En su entrevista, Levitsky señala que el autogolpe fracasó porque no tuvo apoyo militar y la institucionalidad se mantuvo (los especialistas dirán que sin apoyo militar, no llegó nunca realmente a autogolpe). Parece una verdad de Perogrullo, sobre todo para un latinoamericano, pero no siempre puede verse en la práctica. La carta de Mike Pence, en la que afirma, con base en la historia constitucional norteamericana, que un Vicepresidente no tiene facultad para aceptar o rechazar unilateralmente los votos, o la frase de Michael McConell, líder republicano del Senado, de “si invalidamos la elección, dañaríamos a la república para siempre”, le dieron una desembocadura principista a una situación que ya empezaba a hacerse muy peligrosa.
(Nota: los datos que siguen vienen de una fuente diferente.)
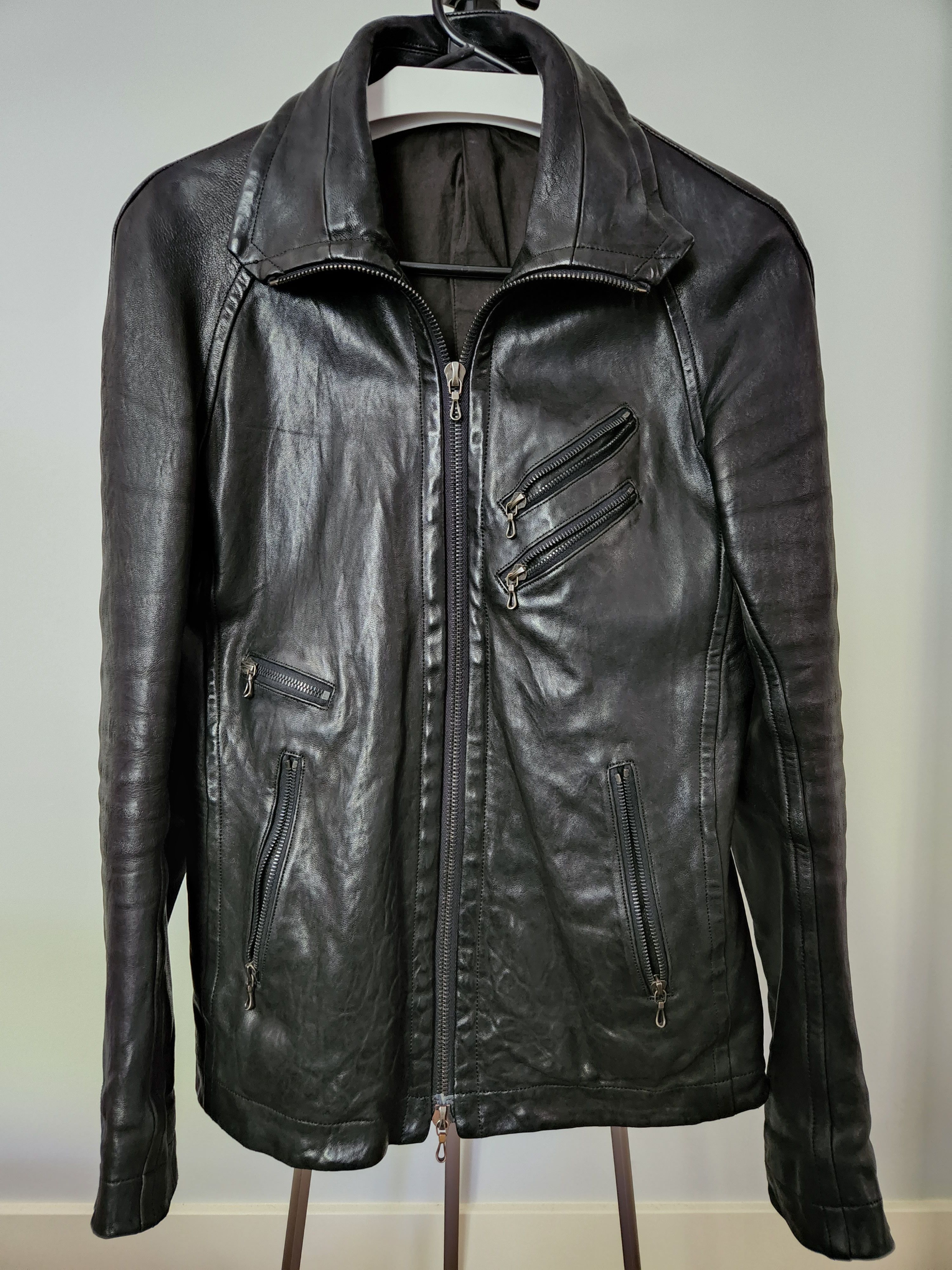 Julius _7 08 S/S Jut Neck Leather Jacket | Grailed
Trump llamó cobarde a Pence (literalmente: “no tiene el coraje para proteger al país”), pero si seguimos con las comparaciones, se trató más bien del coraje de un 9 de Termidor. Como en muchas otras ocasiones, al final el cambio se da cuando muchos de los más cercanos al gobernante consideran que ha traspasado límites después de los cuales no lo pueden acompañar. Es lo que hizo Pence con su carta, lo que hizo McConell con su discurso, y lo que en noviembre hizo públicamente el General Mark Milley, jefe del Estado Mayor Conjunto, con otra frase que pasará a la historia: el Ejército, le advirtió en un discurso en el que Trump estaba presente, es leal a la Constitución, no a un Dictador.
Sin ejército que apoye la maniobra y con parlamentarios que al menos en un aspecto o en el momento grave, tienen el talante de Fermín Toro, lo que comenzó como un 24 de enero, salvando las distancias, que acá son muchas, termina como un 9 de Termidor. Es la institucionalidad, entendida como la forma en la que las instituciones actúan apegadas a sus principios, según la definición del jurista e historiador venezolano Hans-Henning von Der Osten. Es lo que separa a una república bananera de lo que no lo es. Pero Levitsky llama a la cautela. Queda un mal sabor en la boca. El mundo comienza a suspirar con alivio. Las instituciones han respondido, la tormenta parece vadeada, pero que se haya tenido que llegar tan lejos, que las acciones de un presidente estadounidense empiecen a ser comparables con el 24 de enero, el 18 de Brumario y hasta el 9 de Termidor, debe llamar a la reflexión. De los norteamericanos y de todos los demócratas del mundo.